Suppliers see shift ahead
Heath E. Combs -- Home Textiles Today, March 18, 2002
Although the soft coverings window business contracted slightly in 2001, home textiles specialty chains and discounters' respective shares of the business are growing consistently.
According to HTT's exclusive statistical survey, The Facts: Window Coverings, the size of the entire soft window coverings industry contracted by 5.0 percent to $3.8 billion from $4.0 billion, a figure contested by S. Lichtenberg's Carl Goldstein, Don Johnson of Burlington House and John Witkowski of CHF Industries.
"I don't think the industry declined at all last year," said Goldstein, the executive vp for the New York-based S. Lichtenberg. "I think the window business at retail was good last year."
However, according to HTT's Top 5 Manufacturing Giants study from January, two of the Top 5 soft window manufacturers posted losses of 10 percent each in 2001, while a third company reported no growth in sales. The remaining two companies did report gains of 12 and 14 percent.
Perhaps buoying Goldstein's viewpoint is the market share grabbed by home textiles specialty chains such as Linens 'N Things and Bed Bath & Beyond. This retail channel reaped the benefits of 2.0 percent more of the multi-billion-dollar pie that represents soft window coverings. The home textiles specialty store channel was up $50 million, to $570 million, in business in 2001.
Also grabbing a larger share of the soft window coverings business were discounters. Chains like the "Big Three," Wal-Mart, Kmart and Target, continue to grab the lion's share of available business, with 38 percent, up $4 million from $1.4 billion a year earlier, or 36 percent.
"They're opening up more and more stores," said John Witkowski, executive vp of window fashions for CHF Industries, New York, about the rise in numbers for the two vastly different retail channels. "Some retailers have exited the business, so that represented an opportunity for those still in it to pick up some share, and on the other hand, they opened up a lot more doors, too.
"How could you not grow in market share when stores like Wal-Mart opened up 10 percent of the doors last year alone?"
"It's been survival of the fittest for the last 10 years, and there's been consolidation every single year," said Goldstein.
The amount of sourcing done by manufacturers represents the figure that will probably undergo the biggest change within the next several years.
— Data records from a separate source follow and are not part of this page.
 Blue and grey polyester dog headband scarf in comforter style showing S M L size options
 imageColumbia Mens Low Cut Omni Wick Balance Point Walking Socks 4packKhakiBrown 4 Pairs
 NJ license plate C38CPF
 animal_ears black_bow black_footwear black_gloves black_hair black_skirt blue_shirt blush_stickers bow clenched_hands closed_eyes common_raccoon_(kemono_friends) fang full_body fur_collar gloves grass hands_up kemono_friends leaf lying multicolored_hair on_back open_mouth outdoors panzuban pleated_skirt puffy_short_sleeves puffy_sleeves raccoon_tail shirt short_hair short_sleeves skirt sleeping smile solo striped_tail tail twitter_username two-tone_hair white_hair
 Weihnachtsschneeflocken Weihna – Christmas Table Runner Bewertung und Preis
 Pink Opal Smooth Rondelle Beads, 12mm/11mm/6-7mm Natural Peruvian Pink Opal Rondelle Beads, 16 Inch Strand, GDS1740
During the past year the amount of importing grew only slightly, to 37.0 percent, while domestic production still dominated, with 63.0 percent. But Goldstein, Johnson and Witkowski predicted that number would change very soon, as the manufacturing power of China is brought to bear and as Turkey, India and Pakistan continue to churn out better-looking goods at lower prices.
"There are almost no piece goods mills left in the United States. The majority of sheers, lace and more and more of the polyester/cotton blend programs and value-added products are coming from overseas," Witkowski said.
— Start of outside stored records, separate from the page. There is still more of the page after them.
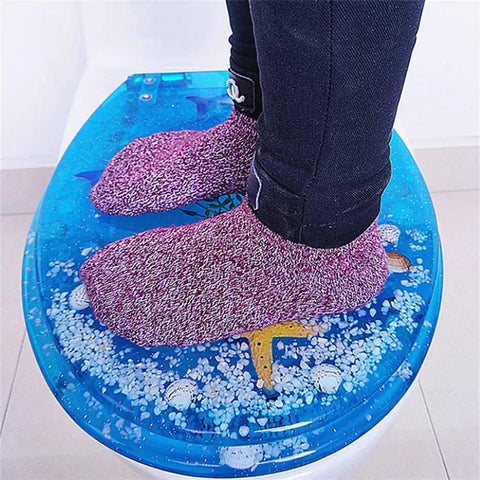 Universal Rock Solid Soft Close Toilet Seat With Top Shelf Comfy Cushion And Zero Fuss Quick Release Lid For No Sweat Bathroom Cleaning And Long Lasting Use, blue design view with person standing.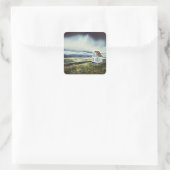 Tiny distant einsam house quadratischer aufkleber (Tasche)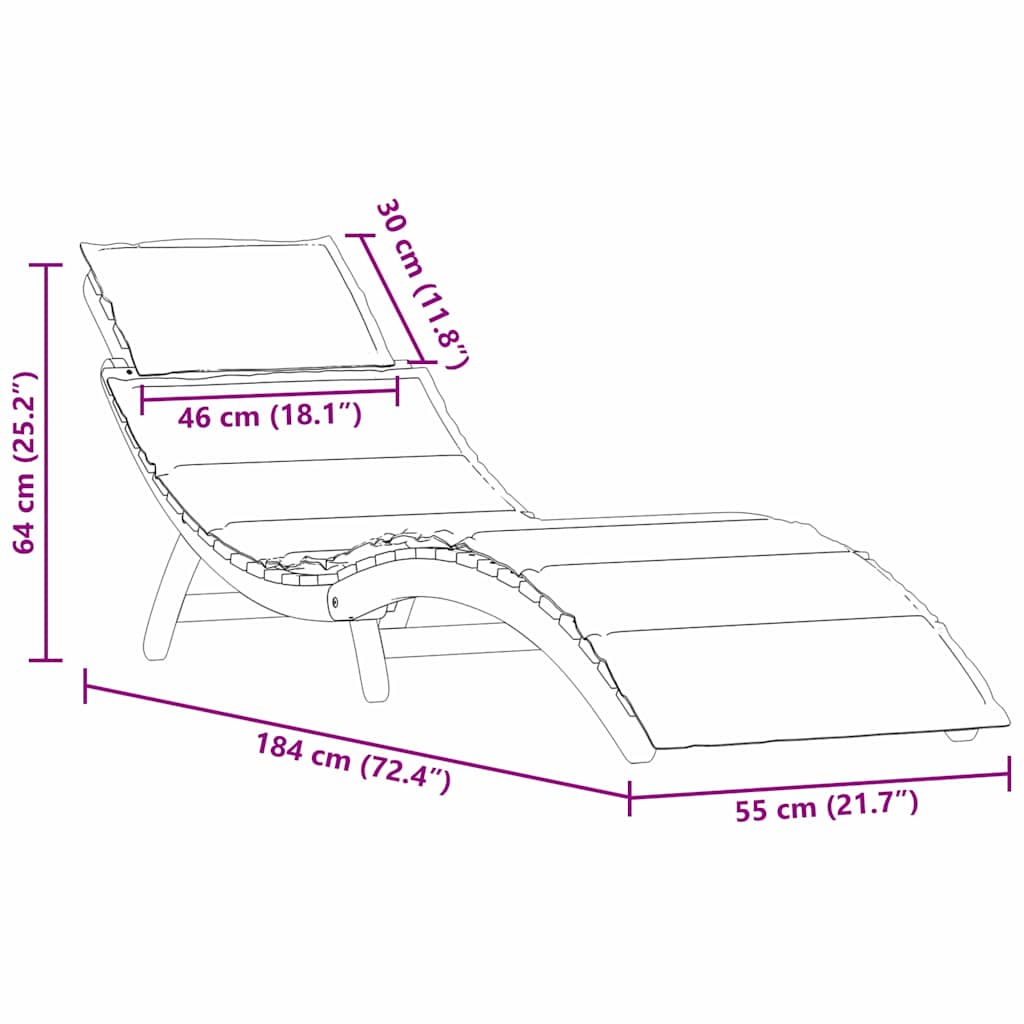 Ξαπλώστρα με μαξιλάρι 2 pcs Γκρι Στερεό Ξύλο Ακακίας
"It depends on the category," Johnson said. "Decorative sheers can only be done as imports. Price-sensitive goods are definitely going to come from offshore, but high-style products like drapery weight goods will continue to be produced here."
When it comes to the way those soft coverings looked, manufacturers are still making sheers. Approximately 32 percent of the product mix was devoted to sheers while solids and jacquards were the next largest with 23 percent and 22 percent, respectively. Goldstein said tier curtains were growing, while Witkowski noted more drapery-weight fabrics will make their way to the forefront.
"There is more product being offered today than ever before," Goldstein said. "That's thanks to the amount of countries that we get product from and their ability to bring in fashion goods at popular prices."